[[ Records to use open ]]
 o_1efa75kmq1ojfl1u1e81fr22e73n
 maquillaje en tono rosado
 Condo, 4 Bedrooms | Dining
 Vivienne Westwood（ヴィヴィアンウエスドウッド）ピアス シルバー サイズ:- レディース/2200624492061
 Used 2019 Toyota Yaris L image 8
[[ Records to use closed ]]
[[ Records to use open ]]
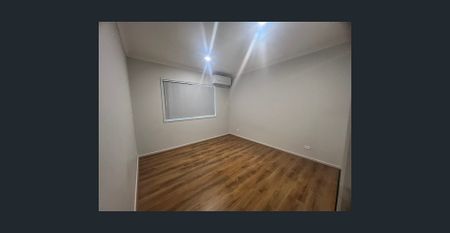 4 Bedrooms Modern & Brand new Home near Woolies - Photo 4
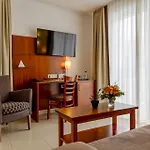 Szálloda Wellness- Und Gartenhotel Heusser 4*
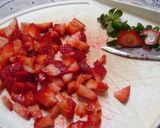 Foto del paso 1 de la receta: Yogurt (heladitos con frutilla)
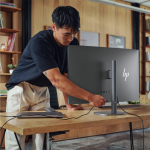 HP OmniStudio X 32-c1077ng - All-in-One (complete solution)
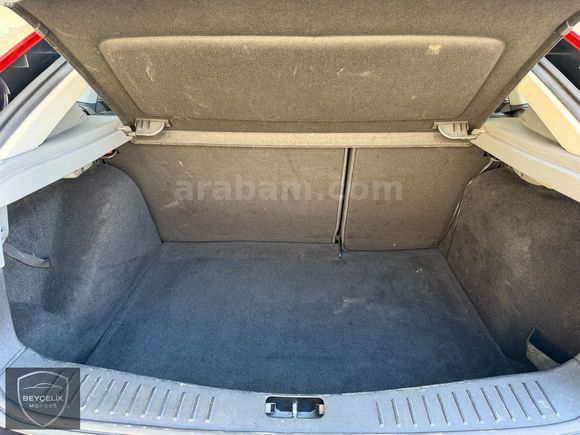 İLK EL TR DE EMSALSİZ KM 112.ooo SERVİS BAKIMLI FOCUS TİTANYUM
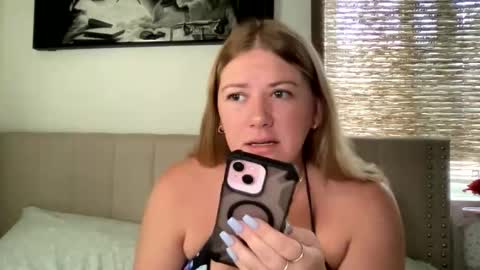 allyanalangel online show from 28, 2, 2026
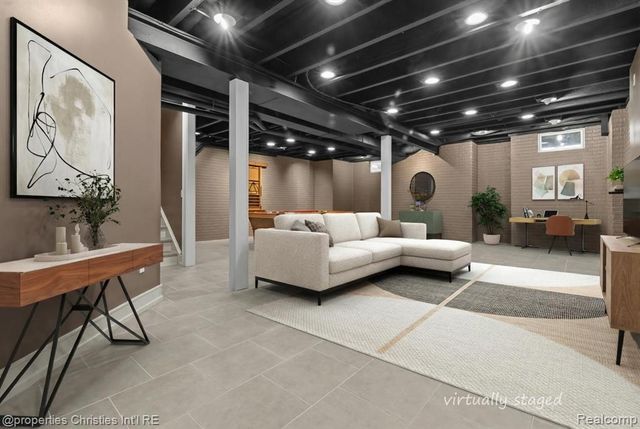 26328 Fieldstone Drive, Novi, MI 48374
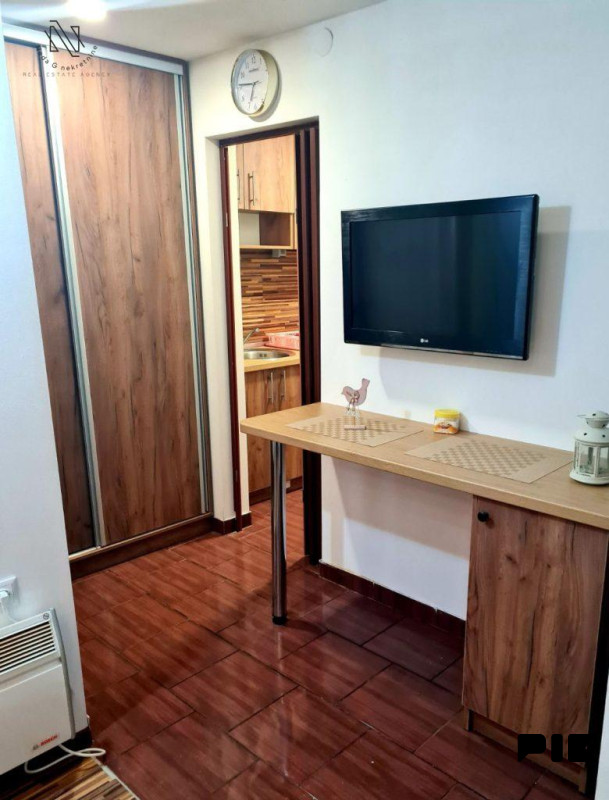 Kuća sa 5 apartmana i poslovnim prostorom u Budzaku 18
[[ Records to use closed ]]
* _Problem statement_
Everything from the line above that contains "allyanalangel online show from 28, 2, 2026" down to the line that contains "Kuća sa 5 apartmana" must be reproduced exactly, both ends included. Omit the pictures.

* _Answer space_
 allyanalangel online show from 28, 2, 2026
 26328 Fieldstone Drive, Novi, MI 48374
 Kuća sa 5 apartmana i poslovnim prostorom u Budzaku 18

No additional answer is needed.